In 2005, David Elliott was guiding his mob of sheep through central Queensland, Australia, when two fossilized bone fragments poking out of the soil caught his eye. As the eye in question was connected to the brain of a man who co-founded the Australian Age of Dinosaurs Museum, it was an organ better trained than most to spot ancient animal remains. Elliott returned to the spot with his wife, Judy, excited to show off what he believed were separate segments of a meat-eating dinosaur’s limb.
But Judy Elliott noticed something that her husband did not. She realized the bones fit snugly together, revealing not a limb but a single large toe.
It turned out they had found a heretofore undiscovered species of Australian dinosaur — an immense, four-legged creature that, at 40 to 50 feet long, was roughly the length of an 18-wheeler trailer.

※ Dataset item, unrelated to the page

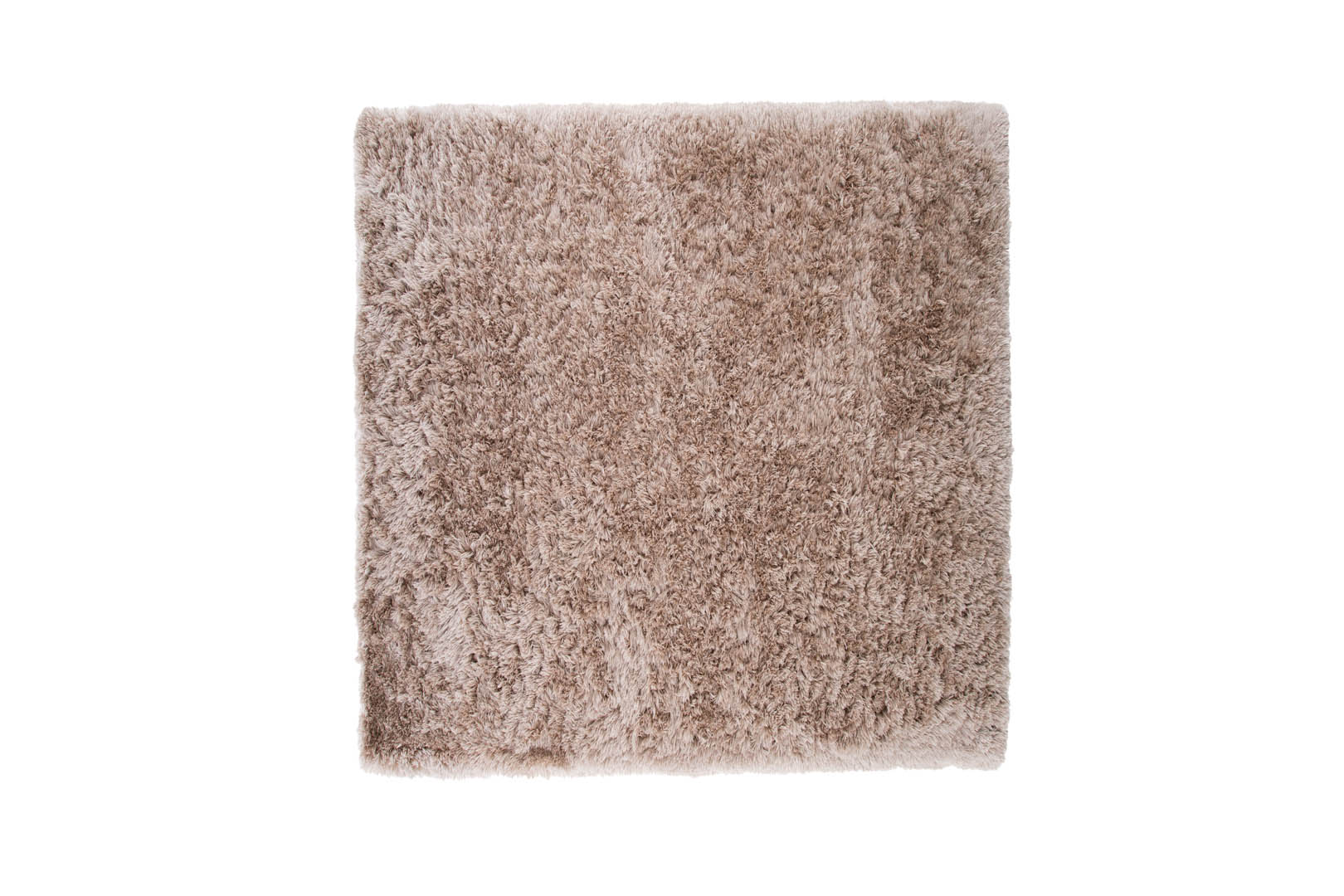 Grace tæppe 300x300 cm polyester beige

The Elliotts nicknamed the dino Wade, in memory of a close friend and fellow paleontologist.
With the help of the Queensland Museum, the Elliotts, who are both paleontologists, extracted Wade’s remains from the ground. This was not a simple task. The bones were locked in a large concretion of rock, which the excavators broke open by taking jackhammers to its preexisting cracks. All told, they removed 17 pallets of rock from the site, located at Australia’s Winton Formation, which dated to the beginning of the Late Cretaceous. The samples amounted to what paleontologist Stephen F. Poropat described to The Washington Post as “literally tons of material.”
Over the next nine years, museum staff and volunteers worried at the hard siltstone with pneumatic tungsten-tipped tools. As they revealed the dinosaur bones chip by chip, it was evident that Wade was unlike any other known Australian dinosaur. The animal’s skeleton indicated it was a type of long-necked, herbivorous animal called a sauropod — specifically, a titanosaur.

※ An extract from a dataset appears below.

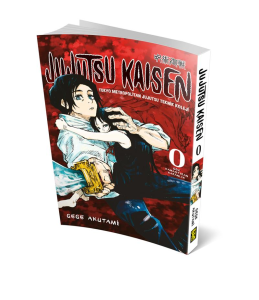 Jujutsu Kaisen 0.Cilt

But Wade had several anatomical features that set it apart from other titanosaurs. Most obviously, it had hips of unusual size. “Early on, it became clear the pelvis was very different than had been found in any other sauropod in the world,” said Poropat, an expert on Cretaceous sauropods at the Australian Age of Dinosaurs Museum, to The Post by phone early Friday. Its five-foot hip girth meant the dinosaur was a “wide-gauge animal.”

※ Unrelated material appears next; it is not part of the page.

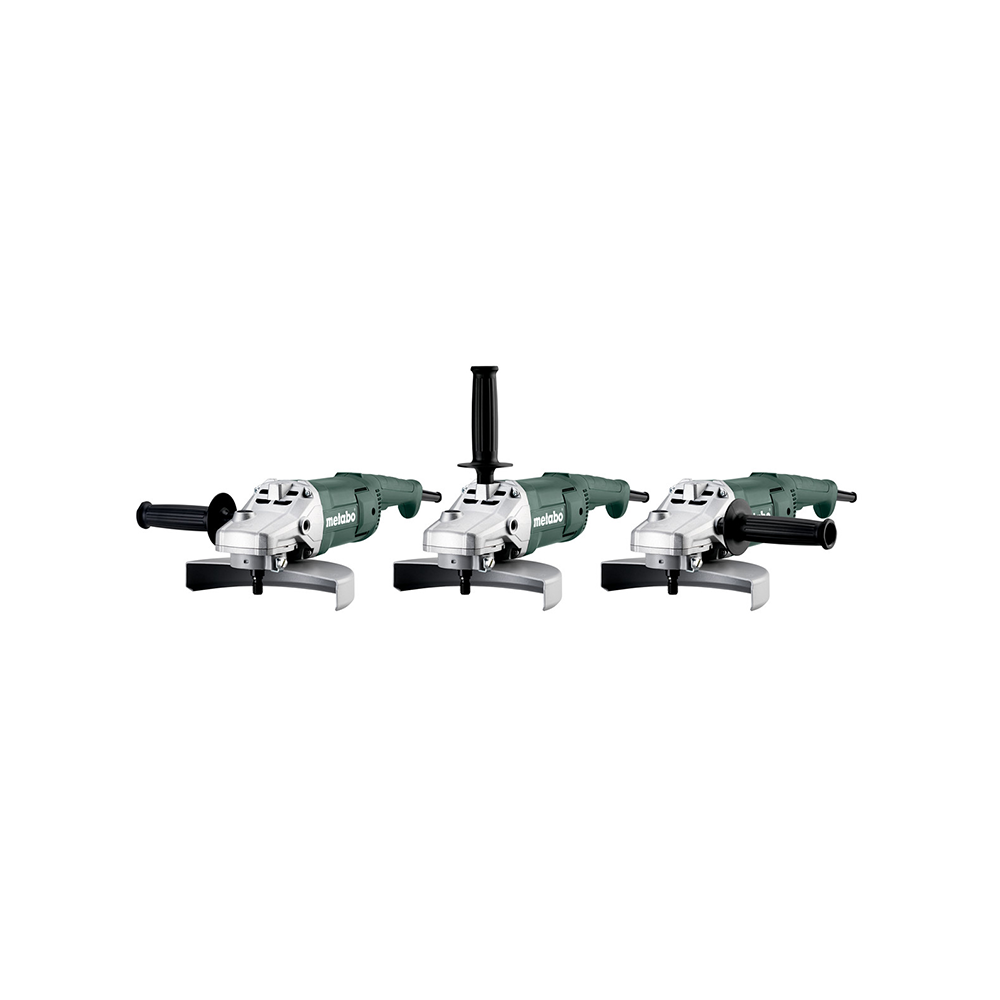 Meuleuse d'angle Metabo WP 2200-230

Wade was also a rotund beast. The belly was extremely large, Poropat said, encasing an extensive gut and digestive system. Paleontologists like Poropat hypothesize that such large guts were home to bacteria that fermented chewed-up vegetation, akin to the rumens of modern-day cows and gazelles.
“If you’re going to be digesting tough plant matter,” he pointed out, “the bigger the better.”
In a new paper published in the journal Scientific Reports on Thursday, written by Poropat, the Elliotts and their colleagues, Wade earned its official name, Savannasaurus elliottorum. In the same study, the researchers also describe new physical features of Diamantinasaurus, a closely related titanosaur named in 2009. A brain case and shoulder bones of Diamantinasaurus were found in the same Winton Formation as Wade.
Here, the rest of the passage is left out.